* Task instructions: From the entries, copy every line that carries the string "Chiffon".

* Data for analysis:
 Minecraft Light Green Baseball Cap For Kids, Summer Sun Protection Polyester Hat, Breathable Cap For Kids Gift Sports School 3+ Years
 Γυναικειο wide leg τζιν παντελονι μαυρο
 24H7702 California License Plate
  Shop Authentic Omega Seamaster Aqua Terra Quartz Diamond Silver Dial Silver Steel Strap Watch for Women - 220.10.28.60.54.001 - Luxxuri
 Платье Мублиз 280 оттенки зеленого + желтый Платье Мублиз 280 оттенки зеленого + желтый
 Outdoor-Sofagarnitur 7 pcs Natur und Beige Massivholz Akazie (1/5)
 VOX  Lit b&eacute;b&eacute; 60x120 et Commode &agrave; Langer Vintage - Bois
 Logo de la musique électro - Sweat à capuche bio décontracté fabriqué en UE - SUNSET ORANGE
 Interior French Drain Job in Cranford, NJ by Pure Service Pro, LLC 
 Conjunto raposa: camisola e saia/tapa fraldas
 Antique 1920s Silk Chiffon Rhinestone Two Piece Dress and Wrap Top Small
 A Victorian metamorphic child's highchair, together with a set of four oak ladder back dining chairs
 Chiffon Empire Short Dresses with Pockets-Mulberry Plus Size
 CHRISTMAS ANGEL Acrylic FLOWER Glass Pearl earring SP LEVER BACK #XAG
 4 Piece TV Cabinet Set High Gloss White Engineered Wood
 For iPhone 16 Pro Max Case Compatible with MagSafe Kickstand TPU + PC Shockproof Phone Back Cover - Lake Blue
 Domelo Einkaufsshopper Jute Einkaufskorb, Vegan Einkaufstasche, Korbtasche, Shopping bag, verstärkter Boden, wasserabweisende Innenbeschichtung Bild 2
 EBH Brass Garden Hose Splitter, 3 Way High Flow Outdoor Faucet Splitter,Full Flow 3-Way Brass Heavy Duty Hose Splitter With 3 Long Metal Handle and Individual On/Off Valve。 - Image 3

* Solution to the exercise:
 Antique 1920s Silk Chiffon Rhinestone Two Piece Dress and Wrap Top Small
 Chiffon Empire Short Dresses with Pockets-Mulberry Plus Size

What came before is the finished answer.